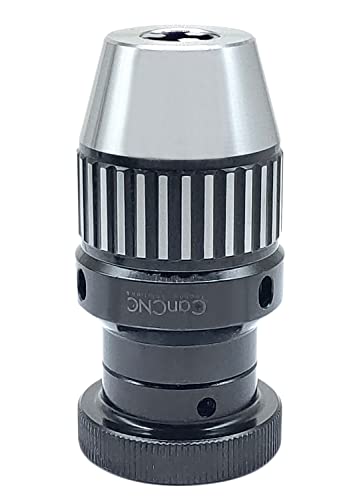 Accusize Industrial Tools Precision Keyless Drill Chuck, 1/32-5/8 in, 6JT - size: 1/32-5/8", 6JT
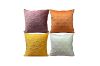 Picture of GEOMETRIC Velvet Cushion with Inner in Multiple Colours (45cm x 45cm)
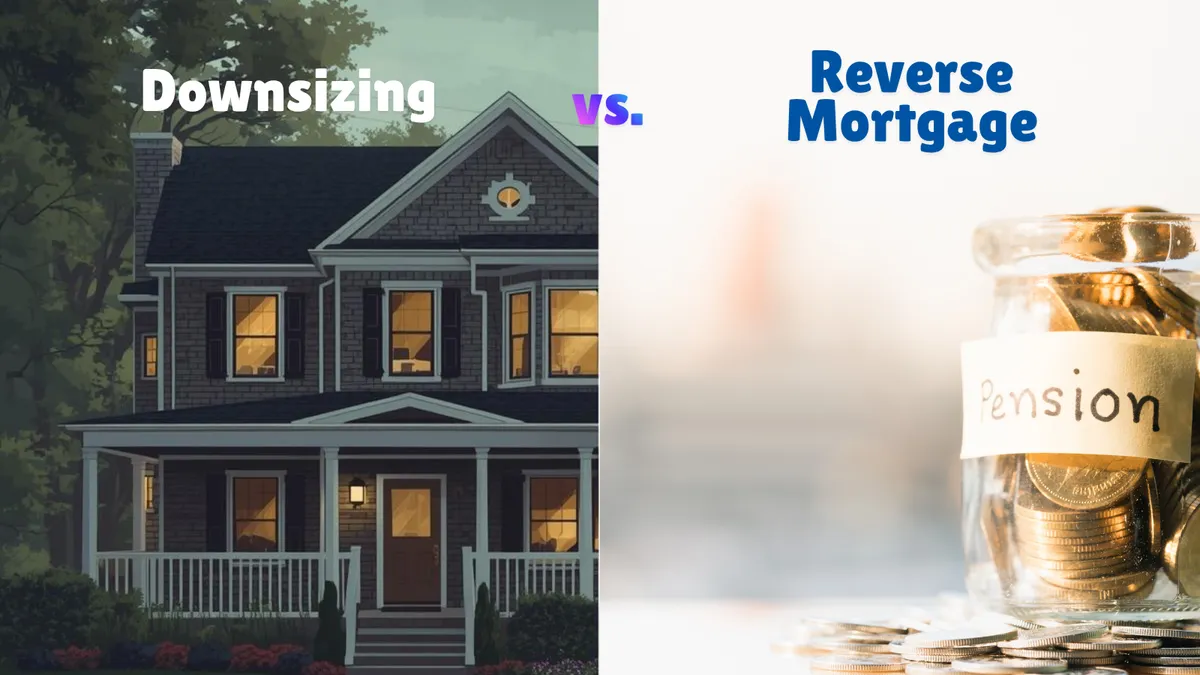 Navigating Retirement Living: Downsizing vs. Reverse Mortgage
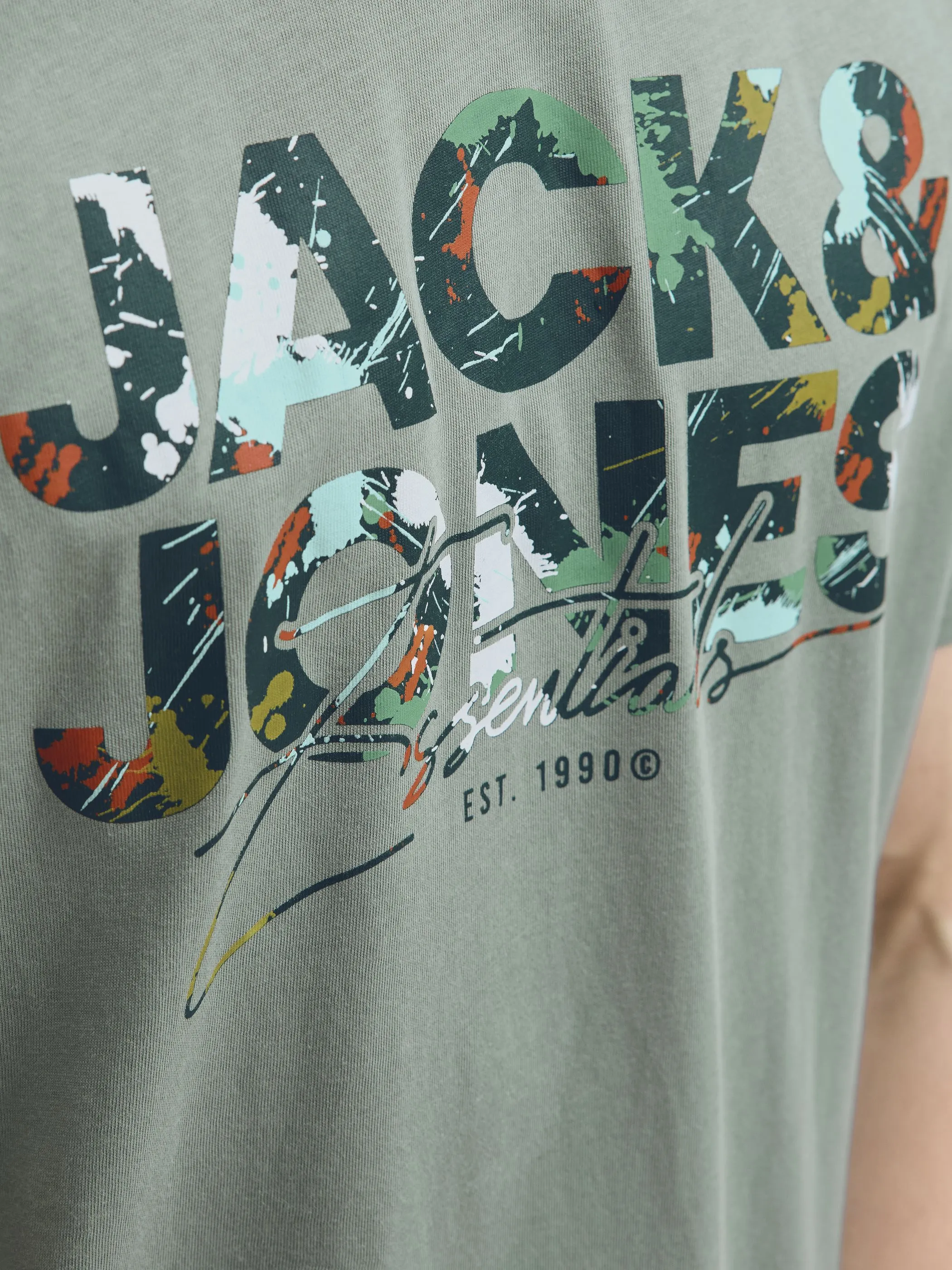 Jack Jones 12278523 JJGEPLAS TEE SS CREW Grün 913158 176366 3 Jack Jones 12278523 JJGEPLAS TEE SS CREW Grün 913158 176366 3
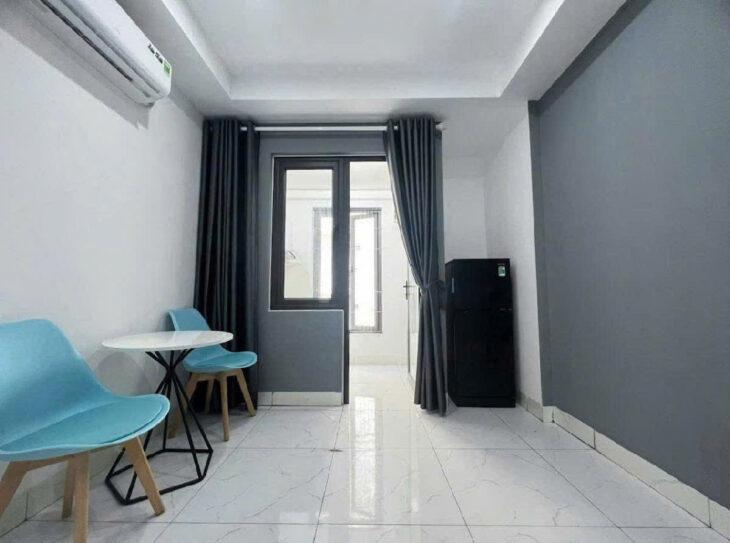 BÁN TÒA NHÀ HOÀNG CẦU, ĐỐNG ĐA – 110M x 9T THANG MÁY – MT 6.1M – DÒNG TIỀN 250TR/TH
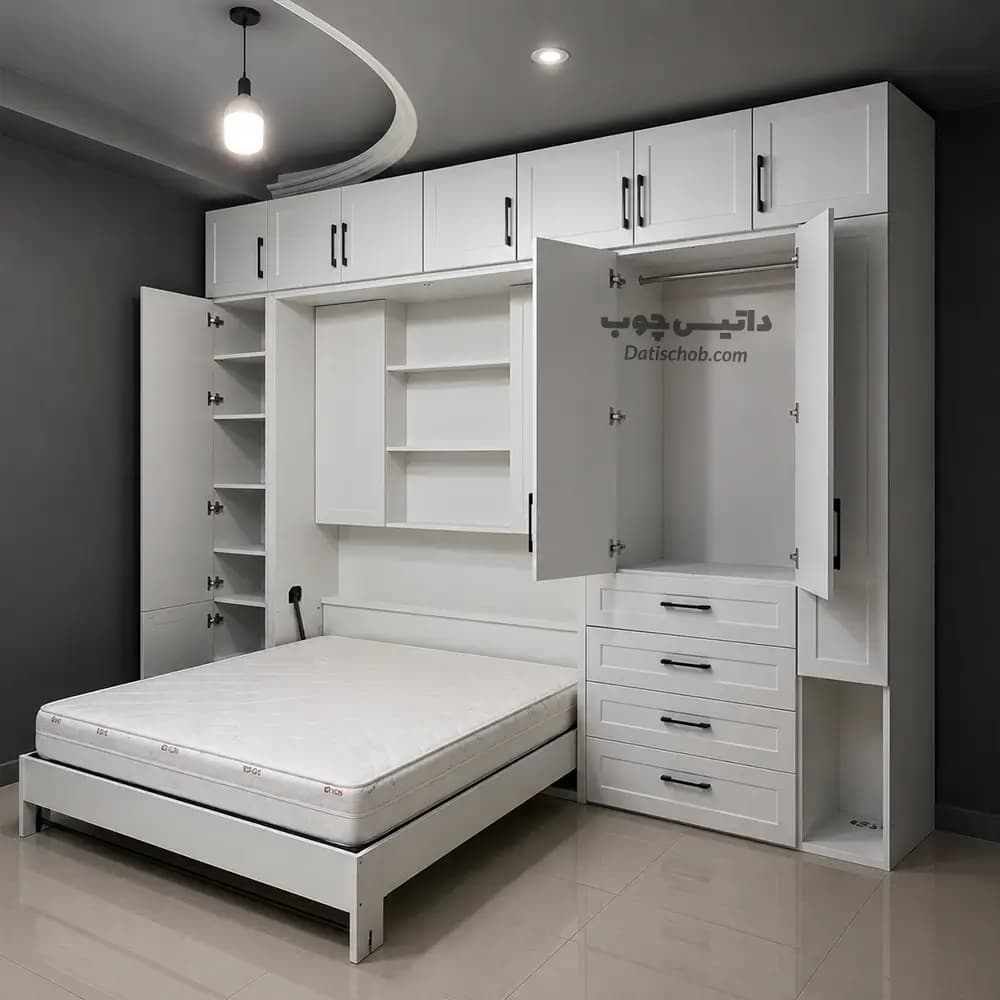 تخت تاشو دو نفره مدرن شیک مدل K63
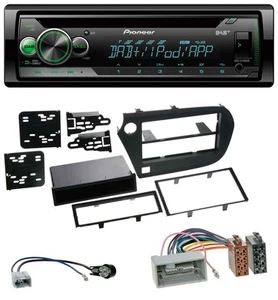 Pioneer USB MP3 DAB AUX CD Autoradio für Honda Insight (ZE2, 2009-2013) - Bild 1 von 8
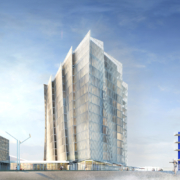 Inntel Hotels Den Haag Marina Beach - Boulevard aanzicht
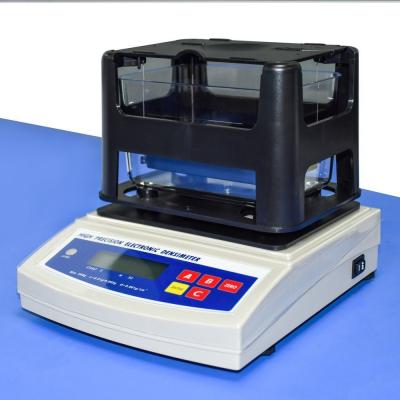 China Rubber Plastic Granules Solid Density Meter Tester Check Machine High Precision for sale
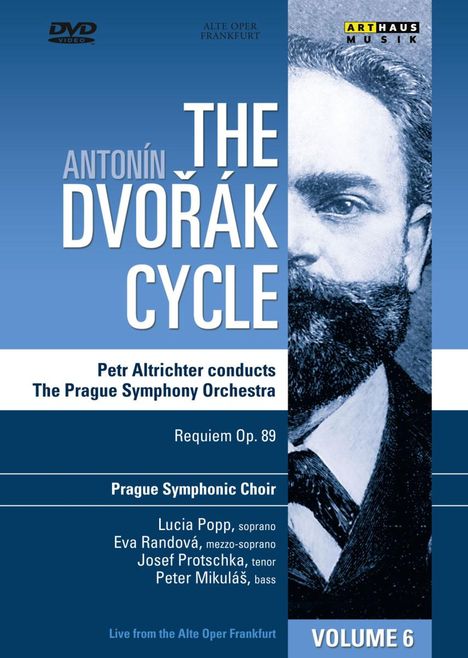 Antonin Dvorak (1841-1904): The Dvorak Cycle Vol.6, DVD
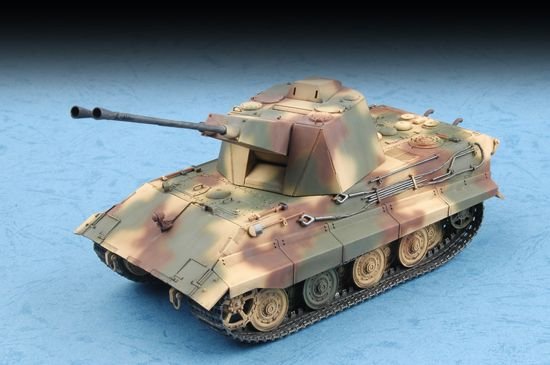 Plastikový model tanku Trumpeter 07124 German E-50 Flakpanzer 1:72 | pkmodelar.cz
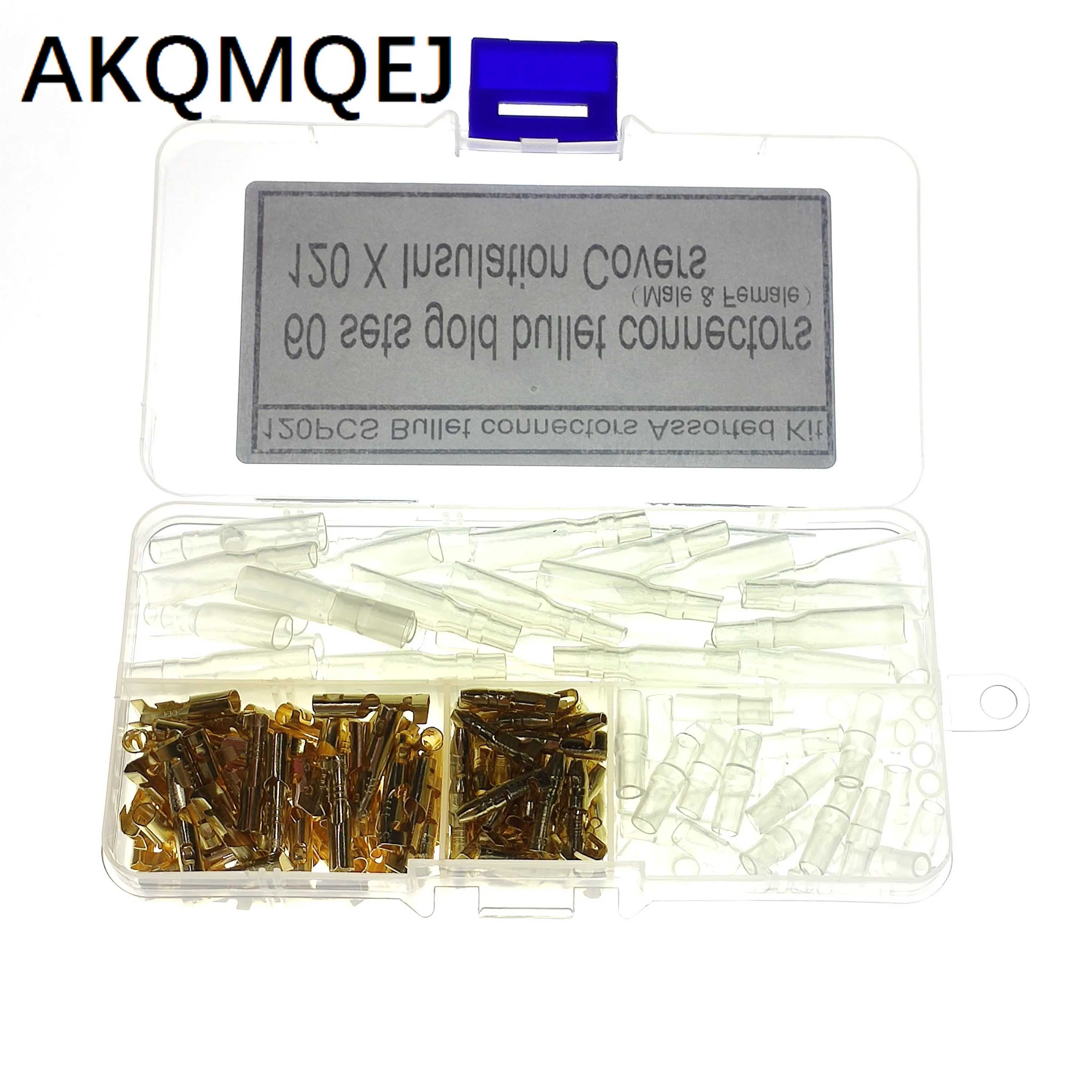 

3,5 мм Штекерный разъем с изоляционной крышкой, быстрый проводной разъем с оболочкой, 120 шт.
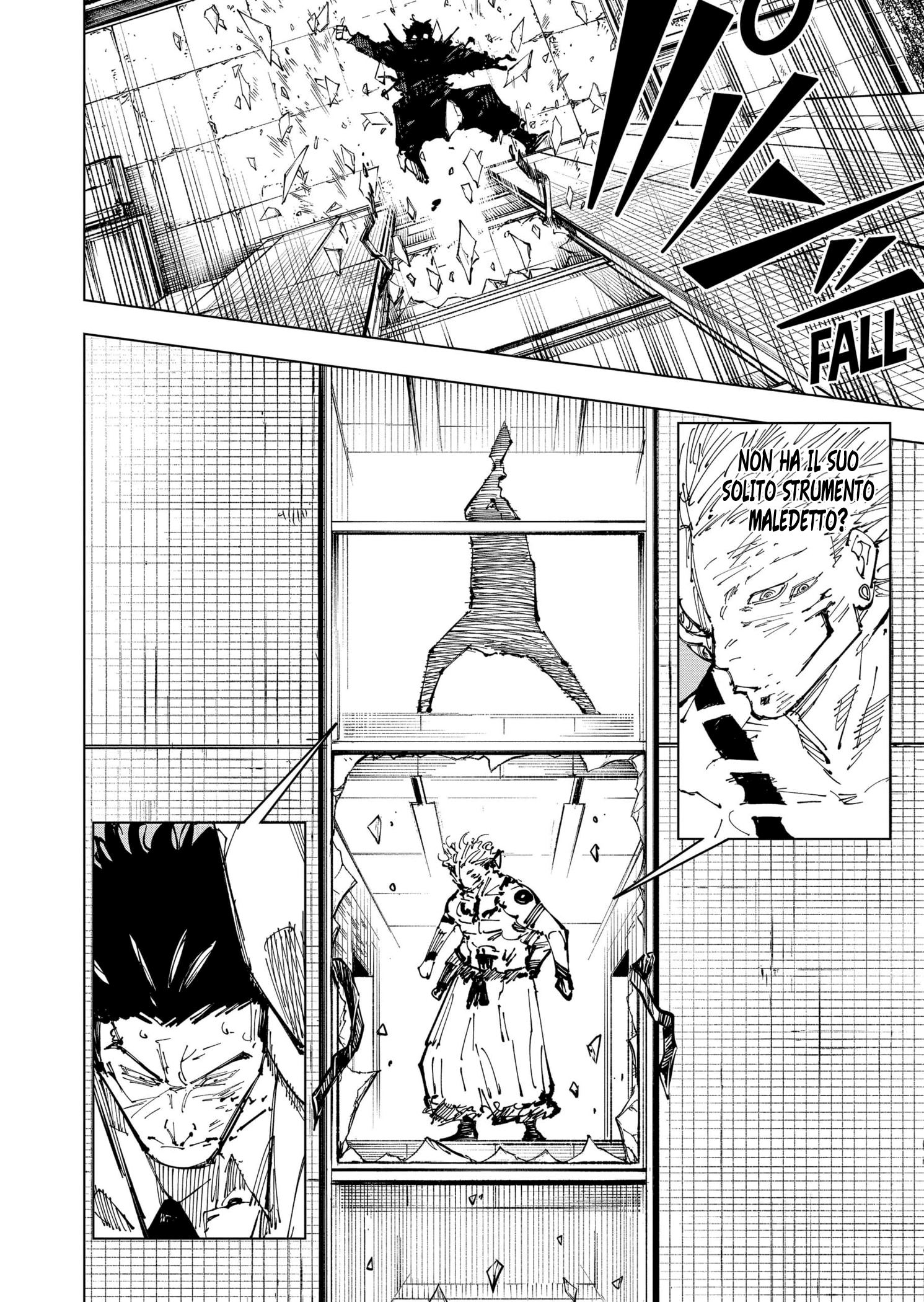 Read Jujutsu Kaisen (IT) Manga Online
:::
▶ **The task**
For the material above, give again only the lines starting at the line that contains "BÁN TÒA NHÀ" and ending at the line that contains "Antonin Dvorak (1841-1904): The". Pictures do not belong in the copy.

▶ **Solution below**
 BÁN TÒA NHÀ HOÀNG CẦU, ĐỐNG ĐA – 110M x 9T THANG MÁY – MT 6.1M – DÒNG TIỀN 250TR/TH
 تخت تاشو دو نفره مدرن شیک مدل K63
 Pioneer USB MP3 DAB AUX CD Autoradio für Honda Insight (ZE2, 2009-2013) - Bild 1 von 8
 Inntel Hotels Den Haag Marina Beach - Boulevard aanzicht
 China Rubber Plastic Granules Solid Density Meter Tester Check Machine High Precision for sale
 Antonin Dvorak (1841-1904): The Dvorak Cycle Vol.6, DVD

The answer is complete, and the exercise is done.